"""

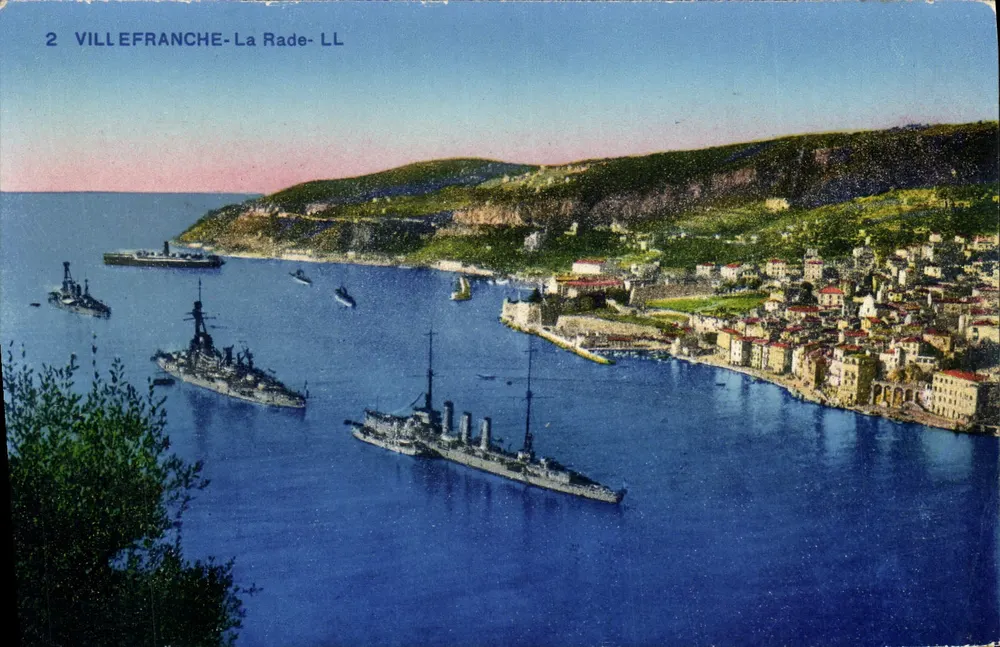 ヴィルフランシュ=ラ・ラドー — バイの景色と戦艦 — 出版者LL - 表面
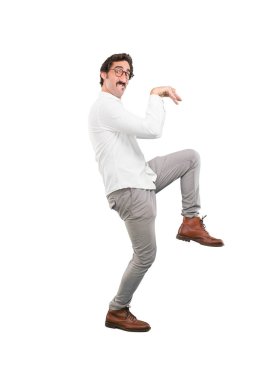 Kızgın ifade ile genç deli adam. Tam vücut kesme kişi beyaz arka plan.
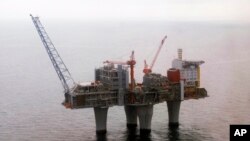 Kilang minyak lepas pantai milik raksasa migas Norwegia, Statoil, di North Sea, sekitar 70 kilometer dari lepas pantai Norwegia. (Foto: Dok)
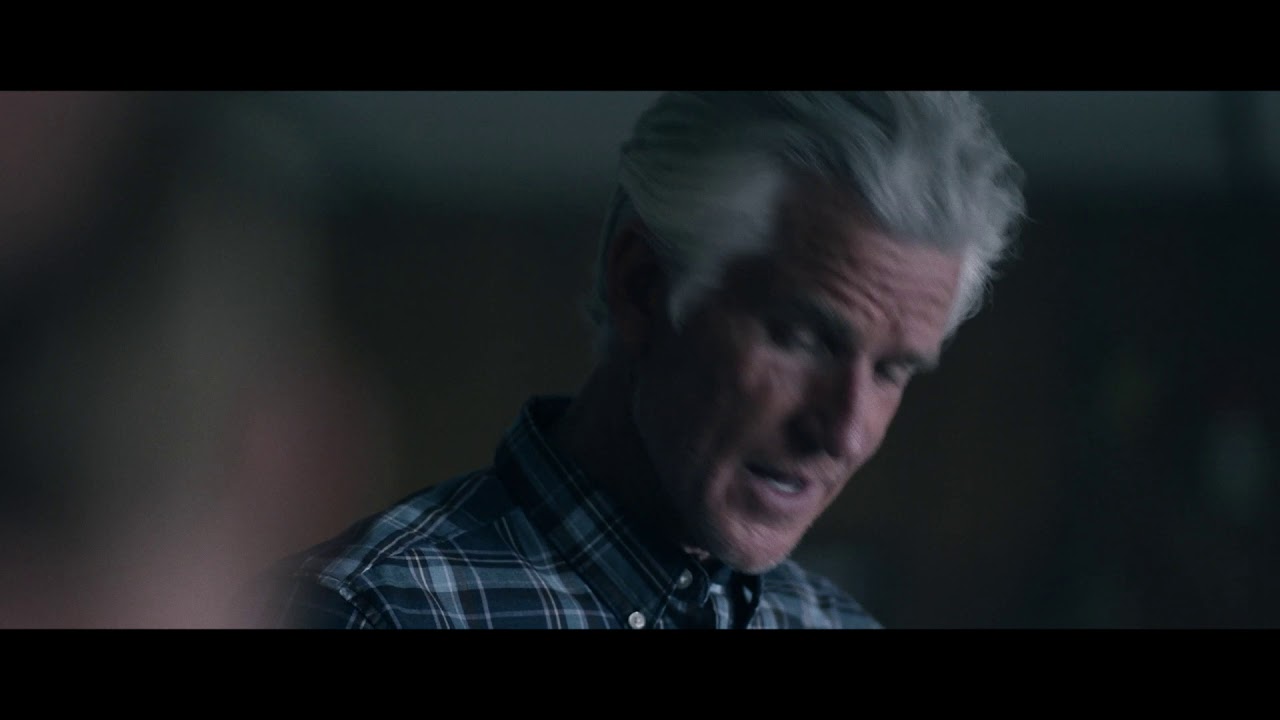 Wrong Turn Exclusive Clip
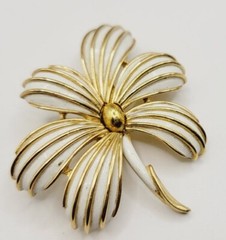 Vintage Crown Trifari Brooch Gold Tone Enamel Flower 2.25 in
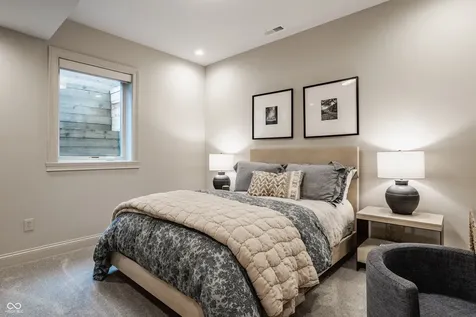 10748 English Oaks Drive Carmel IN 46032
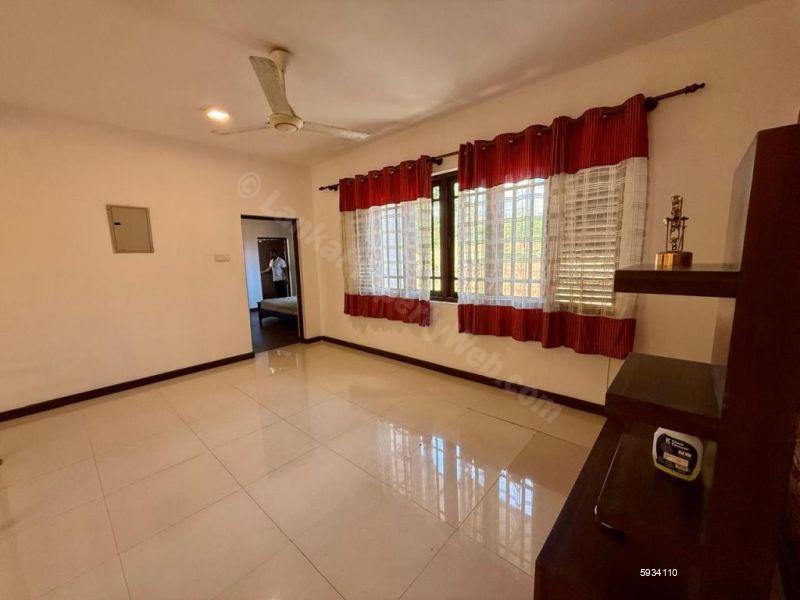House for sale in Colombo 5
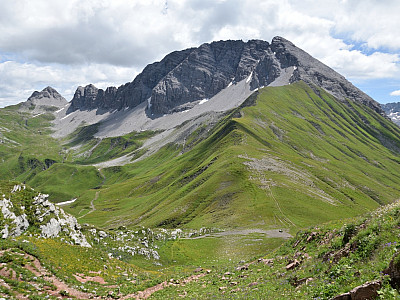 Nach einer Anhöhe steigen wir zu dem Sattel zwischen Rüfikopf und Rüfispitze ab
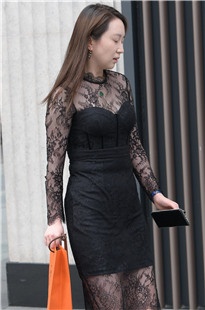 开保时捷的美女3A6376[1.74G]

"""

[Task statement] All the records above need to be given again word for word. Skip the pictures.

[Written solution]
 ヴィルフランシュ=ラ・ラドー — バイの景色と戦艦 — 出版者LL - 表面
 Kızgın ifade ile genç deli adam. Tam vücut kesme kişi beyaz arka plan.
 Kilang minyak lepas pantai milik raksasa migas Norwegia, Statoil, di North Sea, sekitar 70 kilometer dari lepas pantai Norwegia. (Foto: Dok)
 Wrong Turn Exclusive Clip
 Vintage Crown Trifari Brooch Gold Tone Enamel Flower 2.25 in
 10748 English Oaks Drive Carmel IN 46032
House for sale in Colombo 5
 Nach einer Anhöhe steigen wir zu dem Sattel zwischen Rüfikopf und Rüfispitze ab
 开保时捷的美女3A6376[1.74G]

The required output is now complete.